Na visão do economista Yves Crozet, especialista em transportes, essa solução é adaptada apenas para as cidades pequenas, com linhas e número de usuários limitados. Nestes casos, a gratuidade chega a sair mais barato, com a economia de custos de venda e controle de passagens.
Mas, para financiar a medida nas metrópoles, só haveria duas soluções: elevar os impostos ou adotar um pedágio urbano para os veículos, a exemplo de Londres e Estocolmo. No caso da região parisiense, os 4 milhões de carros teriam de pagar cerca de € 60 por mês de pedágio para compensar a gratuidade dos transportes.
“Em resumo, a gratuidade só faz sentido quando o transporte coletivo é um fracasso, ou seja, quando há muito poucos usuários, como os estudantes, os idosos e os que não têm carro. Mas quando você precisa desenvolver os transportes públicos, investir, evidentemente a gratuidade se torna um problema a longo prazo”, afirma Crozet, professor da Universidade de Lyon.
Impacto negativo na política de mobilidade
Apesar de popular, a medida conta com pouco apoio junto a especialistas em mobilidade.
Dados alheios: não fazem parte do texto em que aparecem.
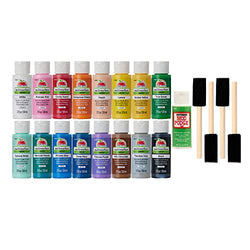 Apple Barrel Multi PROMOABMPO22, 21 Piece DIY Set Featuring 16 Surface Paints, 1 Mod Podge Outdoor Acrylic Sealer and 4 Foam Brushes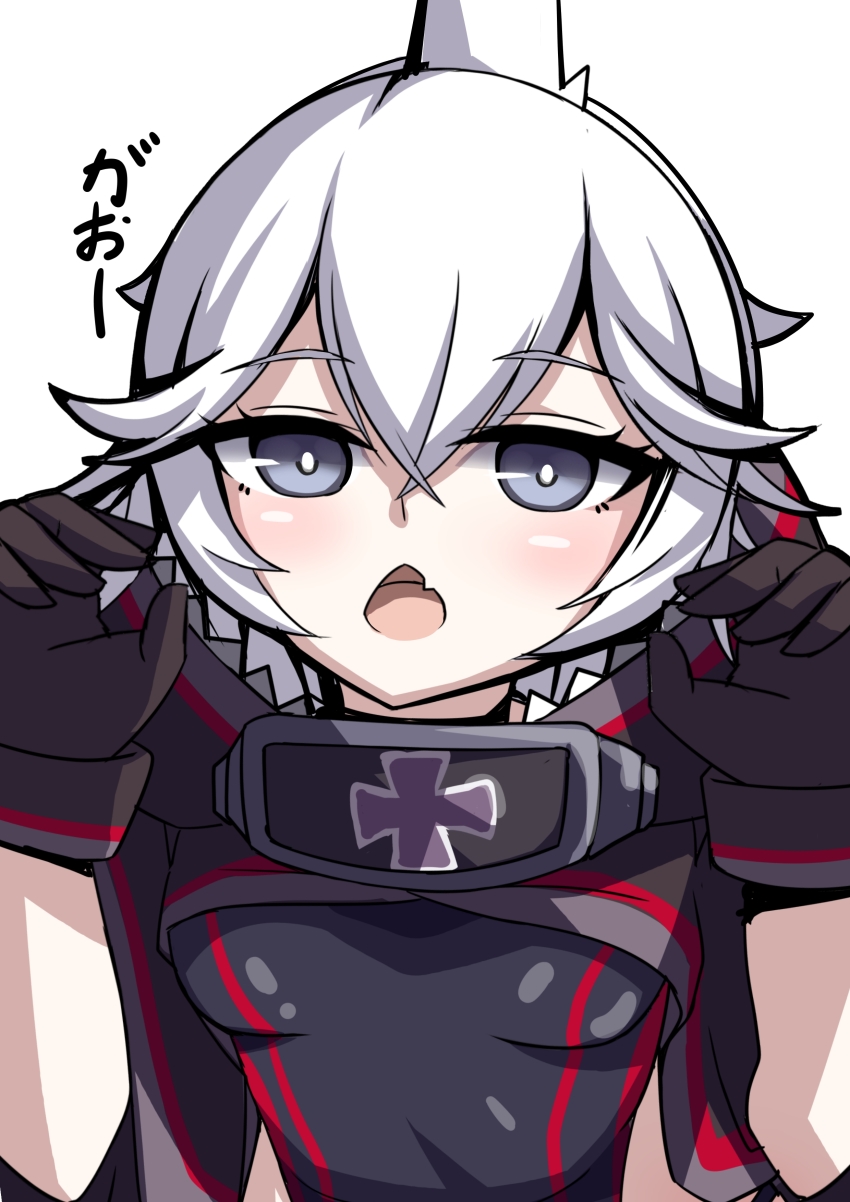 1girl absurdres azur_lane black_gloves black_jacket black_one-piece_swimsuit blush breasts commentary_request cross fang gloves grey_eyes hair_between_eyes hands_up highres hood hood_down hooded_jacket iron_cross jacket looking_at_viewer one-piece_swimsuit open_mouth simple_background siota1998 small_breasts solo swimsuit translation_request u-110_(azur_lane) upper_body white_background white_hair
O urbanista Frédéric Héran, da Universidade de Lille 1, argumenta que, em vez de incitar os motoristas a abandonar os carros, a proposta induz os ciclistas a aposentar as bicicletas. Depois, são os pedestres que prefeririam andar de ônibus e metrô, em vez de caminhar. Os jovens seriam os primeiros a ceder à “tentação”. Héran chama atenção para o aumento dos custos ligados a um problema de saúde pública: o sedentarismo.
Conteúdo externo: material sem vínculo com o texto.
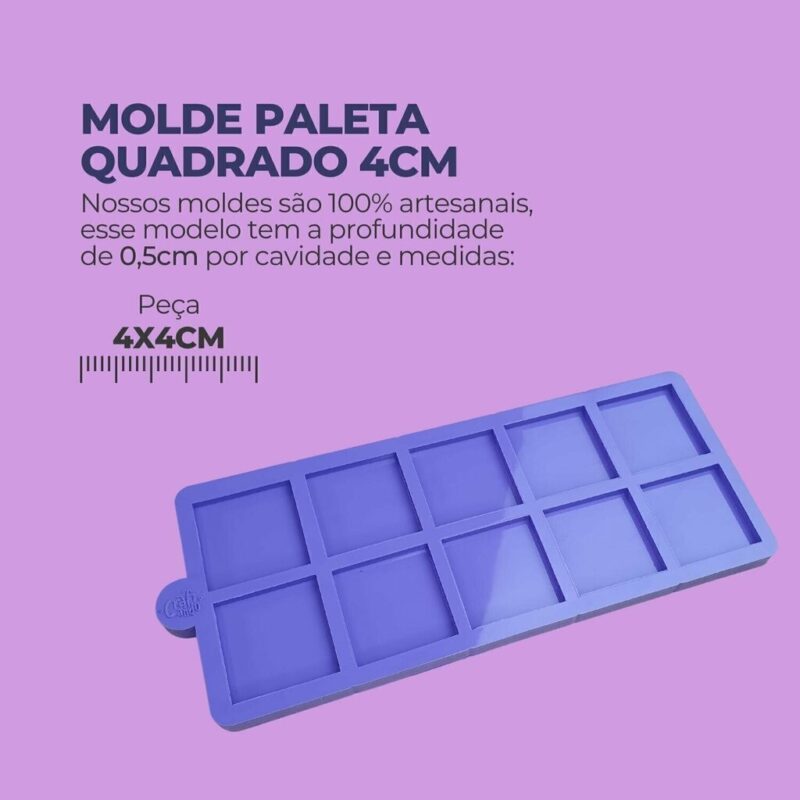 Molde de Silicone Para Resina Epóxi Paleta Quadrado 4cm - Imagem 2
“O potencial do uso da bicicleta em Paris é gigantesco: apenas 4% dos parisienses usam esse meio de transporte cotidianamente. Transformar o transporte gratuito significaria limitar esse potencial. Seria uma pena”, explica Héran. “Sem contar que hoje as pessoas são cada vez mais sedentárias: se elas pudessem ao menos se exercitar um pouco para ir ao trabalho, seria uma ótima ideia. Mas essa medida faria elas ficarem ainda mais sedentárias – e precisamos promover o contrário.”
Ampliação da rede ainda mais difícil
A questão da perda da qualidade também preocupa. Com mais usuários, os custos de manutenção se elevam, ao mesmo tempo em que as receitas, caem. Aumentar a rede se torna uma missão delicada.
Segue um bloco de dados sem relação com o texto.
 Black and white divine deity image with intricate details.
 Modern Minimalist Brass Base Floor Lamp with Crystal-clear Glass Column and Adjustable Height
A equação fica ainda mais complexa num momento em que a região parisiense se organiza para investir 50 bilhões de euros em transportes, para ampliar a rede de metrôs nas periferias, dentro do megaprojeto Grand Paris.
No Brasil, cerca de 15 cidades disponibilizam transporte grátis – a maioria tem no máximo 50 mil habitantes.